I agree with your descriptions, but in my setting, when a fresh trauma

arrives in the ER in the trauma bay, the team that is there are : the trauma team, nurses, MD's, etc. So trauma bay = trauma nurses of the ER. Though not all ER nurses work in the trauma bay.

In my current department all nurses must be able to work an assignment or trauma, we rotate the resus assignment every 4-8 hrs (7a-11a the resus & triage nurse are one person).

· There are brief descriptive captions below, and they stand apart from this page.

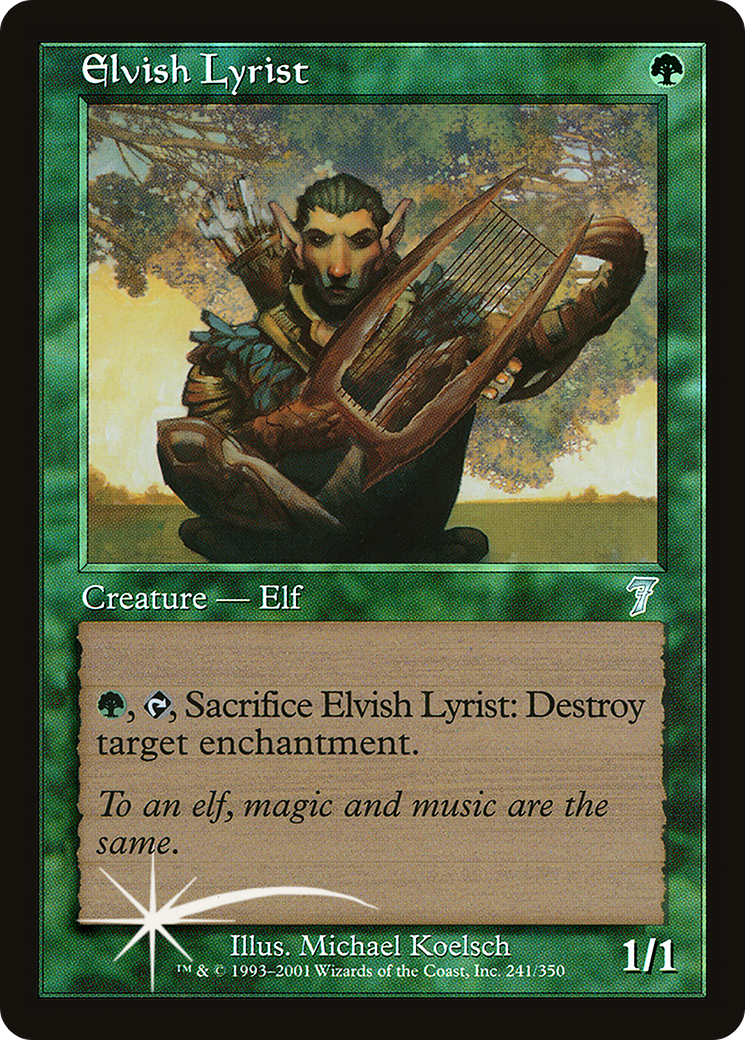 Elvish Lyrist (7ED-241★) - Seventh Edition Foil - Premium MTG Single from Wizards of the Coast - Just $2.39! Shop now at Game Crave Tournament Store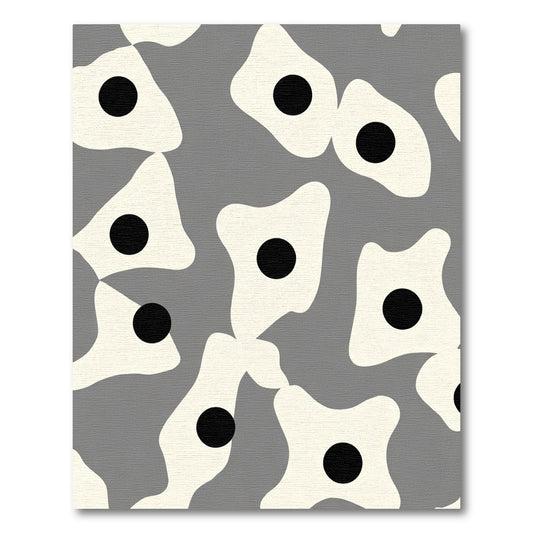 Modern Ivory Black Organic Form Rug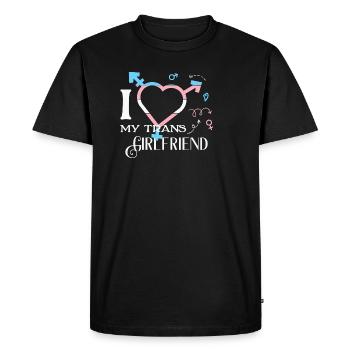 LBGT Flag Gay Pride I Love my Trans Girlfriend - Men's Premium Organic T-Shirt - black - Front - Nico (187cm)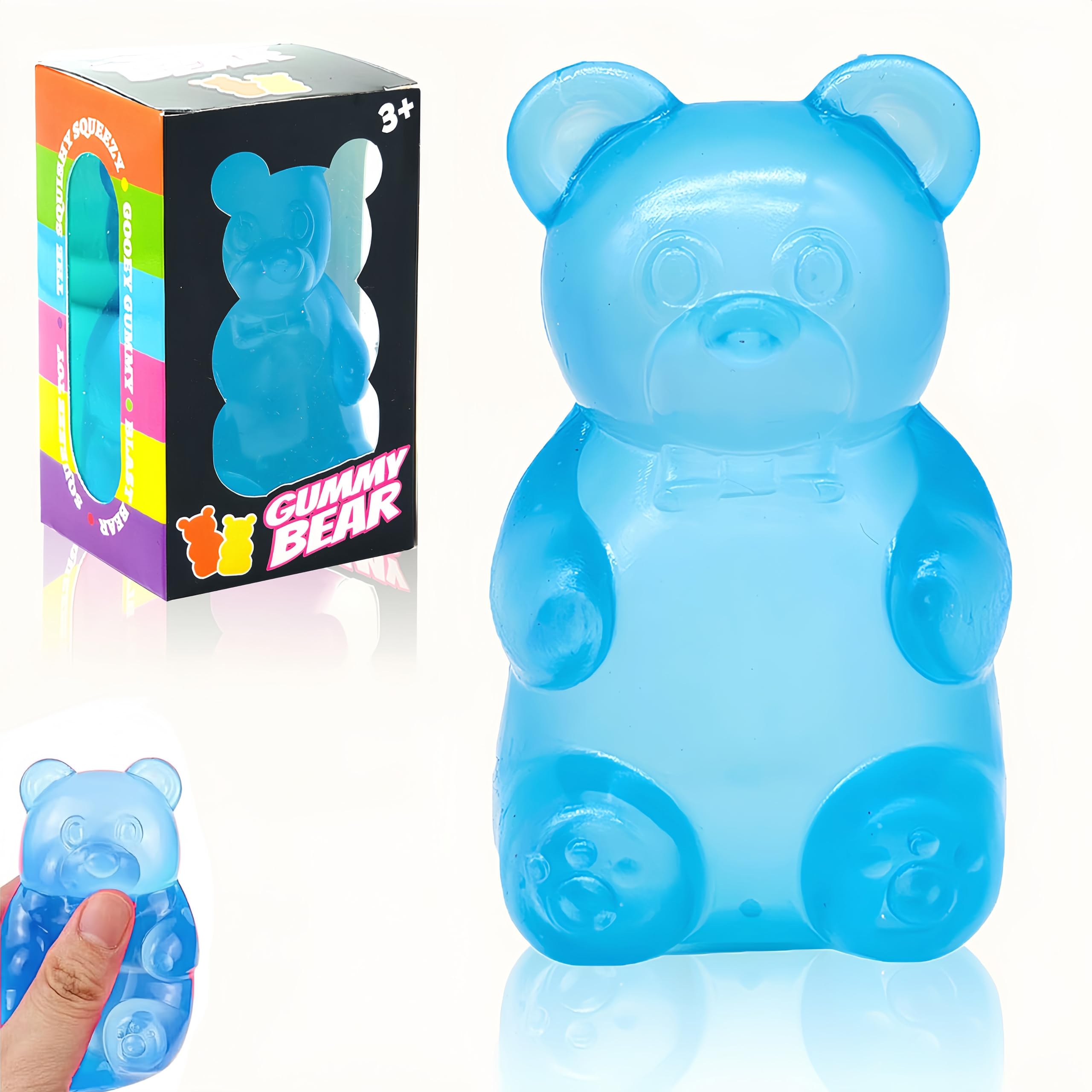 Gummy Bear Toy, Sugar Filled Squishy Toys for Kids Stress Relief - High Density Squeeze Balls for Students Calming - Fidget Squishy Toys for Anxiety Relief(Blue)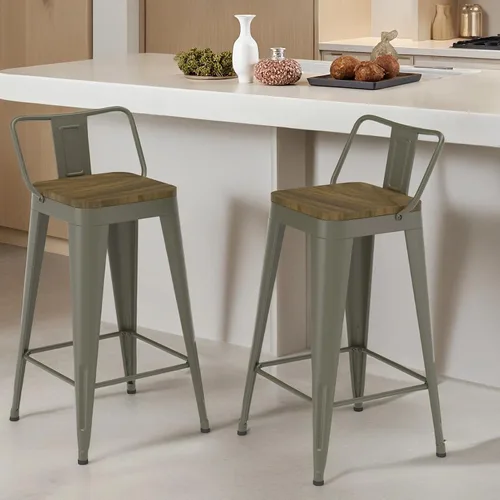 Miniatura 21 de Juego de 4 taburetes de bar de metal, taburetes de bar con respaldo alto con asiento de madera, taburetes de bar negros de 24 pulgadas para isla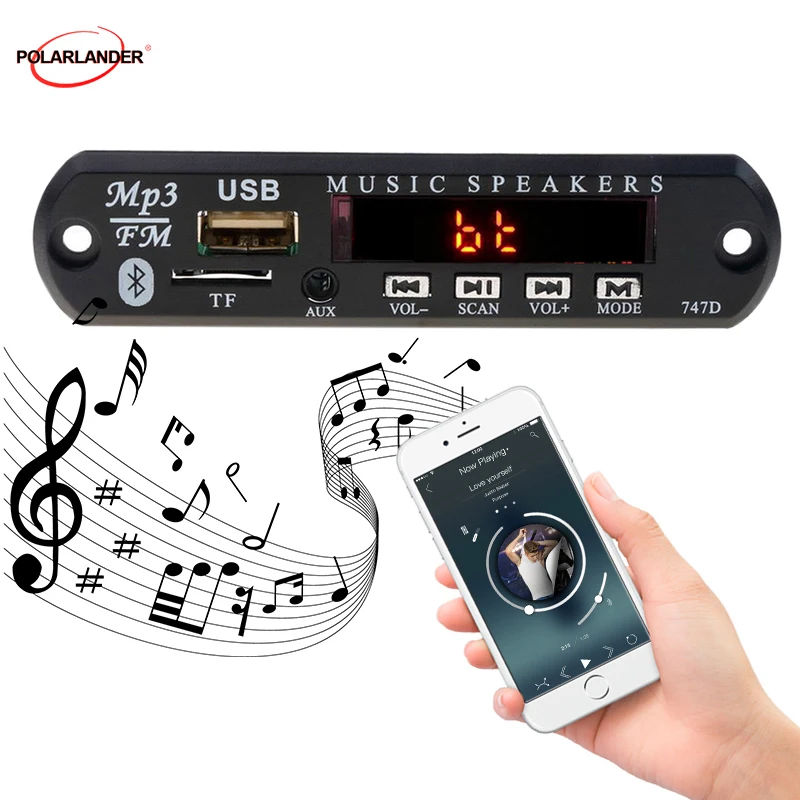 MP3-плеер декодер USB 3 5 мм TF WMA автомобильный комплект FM-радио плата аудио приемник 12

In my first ED we had 3 nurses until midnight then only two so you had to be able to work the bays all the time.

Specializes in Family Nurse Practitioner.

I don't work in a trauma center, so when we do get a trauma they are usually bad i.e. in cardiac arrest and it's all hands on deck.

in my facility, which is a level 1 trauma center, we have designated trauma resuscitation nurses, 2 on days and 2 on nights. generally speaking, one is the scribe and one is at the bedside. sometimes, in a particularly bad trauma, both nurses are at the bedside and we will have one of our fellow ER nurses scribe for us. when we are not busy with trauma patients, we float in the ER, help out in the ICU, start IV's throughout the hospital, transport ICU patients to their morning repeat head CT's, perform tertiary surveys, perform education with our patients and families, etc. apparently we are not the norm, having designated trauma nurses, but it is a wonderful role. we also follow our patients to the OR and assist anesthesia with running rapid infusers. we are required to have ACLS, PALS, TNCC, and generally ICU experience...although we have a few staff members who have not ever worked in ICU (we do a lot of ICU holding in the ER, and we are also a comprehensive stroke center, so our ER nurses are pretty well rounded).

i enjoy reading everyone's responses and hearing about how things are done outside of my little bubble!!! :)

Hi Chicagoboy!

i was just wondering if you still have contacts for Dr Martin? I am planning to take her review class but the number they have online is out of service. Or maybe you know how can I contact them. I apologize for the trouble but I have been researching about her review but couldn't find any link or info about it. So I'm tying my luck with you. Thanks in advance.